◆ **Task description**
Output a character-exact copy of the data, images removed.

◆ **Collected material**
"""

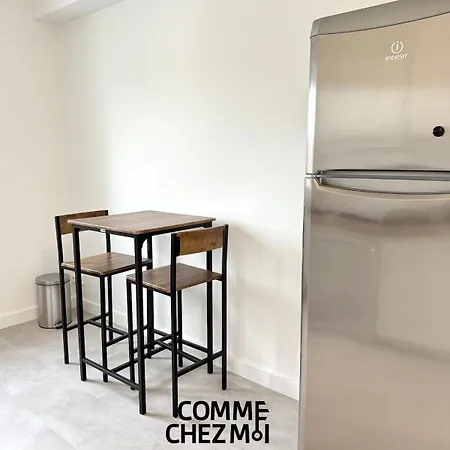 Le Baudricourt For 2 People With Garage * Villers-lès-Nancy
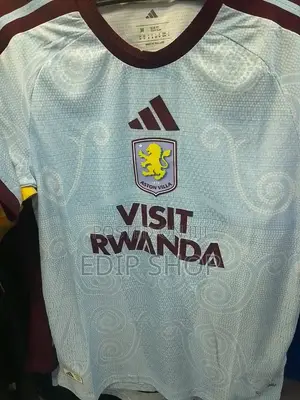 Aston Villa Third Kit PV New Season Jersey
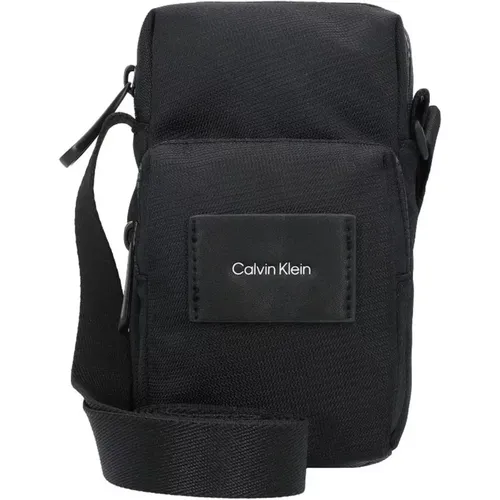 Stilvolle Cross-body Tasche mit Taschen , Herren, Größe: ONE Size - Calvin Klein - Modalova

"""

◆ **Exercise answer**
 Le Baudricourt For 2 People With Garage * Villers-lès-Nancy
 Aston Villa Third Kit PV New Season Jersey
 Stilvolle Cross-body Tasche mit Taschen , Herren, Größe: ONE Size - Calvin Klein - Modalova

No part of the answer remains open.